Five of the Sri Lankan XI had played less that ten Tests while only two – skipper Angelo Matthews and left-arm spinner, Rangana Herath – had played more than 30. Perhaps however, many were lulled into a false sense of security.
Yes, Australia has had a good record in Sri Lanka but only two of the XI who took to the field at Pallakele had played a Test in the country before – Nathan Lyon and Usman Khawaja.
In three Tests, Lyon had taken 10 wickets at 29.5 and in two Tests, Khawaja had scored 60 runs at 30.0.
For Khawaja, those two Tests five years ago were his only ones in the sub-continent while Lyon has played three Tests in India for ten wickets at 37.3.
Six of the first Test side – Joe Burns, Mitch Marsh, Adam Voges, Peter Nevill, Steve O’Keefe and Josh Hazelwood – were playing their first Test on the sub-continent.
The remaining three players’ sub-continent experience had come in India – David Warner’s four Tests producing 195 runs at 24.4; Smith’s two Tests producing 161 runs at 40.0; and Mitchell Starc’s two Tests resulted in two wickets at 100.0.
In essence, the Australians had either no experience in the sub-continent, and with the exception of Lyon, somewhere between modest and very poor results.
At Pallekele the tourists were largely found out.
Herath, at 38, added nine wickets to his pre-series tally of 304 with a combination of patience and guile.
In the first innings, Smith decided to target him, and in his attempt to lay down the law, threw his wicket away when he ran past a ball and got stumped – it may go down in history as the worst shot he plays in his Test career. Nevill also tried to go big in the first innings off Herath only to mishit the ball to mid-on.
Coming off limited preparation, Warner made scores of nought and one to lower his average in five Tests on the sub-continent to 19.6.
Left-arm Chinaman, Lakshan Sandakan, bamboozled the Australians on his debut with match figures of 7-107. The batsmen regularly had trouble picking his deliveries with some lucky to last as long as they did.
If anything, the Pallekele pitch should have been the one that best suited the tourists. The surface in Galle is likely to be their least preferred. Reports are that it was dry a couple of days ago and there is every chance that it will take significant turn early on.

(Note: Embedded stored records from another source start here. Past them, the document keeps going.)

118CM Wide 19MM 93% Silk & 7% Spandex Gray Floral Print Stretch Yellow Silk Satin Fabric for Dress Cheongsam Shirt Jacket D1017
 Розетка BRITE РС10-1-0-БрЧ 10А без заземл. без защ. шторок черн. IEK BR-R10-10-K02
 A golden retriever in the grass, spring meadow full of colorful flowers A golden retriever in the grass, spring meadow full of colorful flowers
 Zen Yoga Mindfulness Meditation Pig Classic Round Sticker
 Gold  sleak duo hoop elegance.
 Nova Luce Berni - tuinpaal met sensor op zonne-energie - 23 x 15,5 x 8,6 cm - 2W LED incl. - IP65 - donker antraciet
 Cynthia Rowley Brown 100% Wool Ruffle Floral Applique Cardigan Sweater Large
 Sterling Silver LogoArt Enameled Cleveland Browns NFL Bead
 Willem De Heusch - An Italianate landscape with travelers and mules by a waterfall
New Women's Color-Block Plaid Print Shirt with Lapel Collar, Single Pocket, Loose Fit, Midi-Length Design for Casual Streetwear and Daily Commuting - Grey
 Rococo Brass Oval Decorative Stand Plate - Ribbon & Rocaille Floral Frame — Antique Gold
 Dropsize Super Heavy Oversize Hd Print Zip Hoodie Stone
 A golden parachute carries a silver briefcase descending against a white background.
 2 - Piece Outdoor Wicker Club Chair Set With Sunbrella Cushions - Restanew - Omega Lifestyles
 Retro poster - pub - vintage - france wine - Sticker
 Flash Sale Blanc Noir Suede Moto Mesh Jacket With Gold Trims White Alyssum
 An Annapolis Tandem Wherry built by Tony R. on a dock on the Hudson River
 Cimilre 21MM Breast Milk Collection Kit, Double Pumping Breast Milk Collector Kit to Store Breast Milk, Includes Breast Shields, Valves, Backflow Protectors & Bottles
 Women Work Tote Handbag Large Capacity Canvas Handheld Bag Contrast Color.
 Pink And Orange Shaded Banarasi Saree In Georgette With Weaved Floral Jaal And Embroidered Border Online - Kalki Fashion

Historically the Galle strip has been a haven for spinners. To date, 61.8 per cent of wickets to fall in Tests at the ground have gone the way of the spinners. Of all the venues around the world to have hosted over ten Tests, only the Chowdhury Stadium in Chittagong has produced a higher percentage of wickets taken by spin bowlers.
In 15 Tests at Galle, Muralitharan captured 111 wickets at 18.5, while Herath, who made his Test debut at the ground against Australia in 1999, has captured 78 wickets in 14 Tests at 24.3 against a career average of 29.6.
Performances such as those have gone a long way to making Galle the only venue in Sri Lanka where the home team has a better than 50 per cent winning record.
With O’Keefe having succumbed to a hamstring strain, Australia’s support act to Lyon will be the uncapped Victorian left-arm orthodox, Jon Holland. Once again Lyon will be under pressure to get the job done in favourable conditions, especially late in the match.
Australia can expect to see a lot of Herath, Sandakan and off-spinner Dilruwan Perera, who captured just the one wicket at Pallekele. Their collective technique and application will need to far exceed what was displayed up in the mountains.
In the first Test, the visitors saw way too much of 21-year-old, Kusal Mendis. In just his seventh Test, he peeled off a majestic 176 – remarkably just his second first-class century. His shot selection, footwork and patience was hopefully educational for the Australian batsmen.
If the necessary lessons have not been learned from the opening Test Australia will lose the series, and with it, the number one ranking. Sri Lanka’s grounds have historically been Elysian fields for Australian cricket, however that was courtesy of players who have long since left the arena.
As for the current Australian team, its credibility is at stake over the next five days.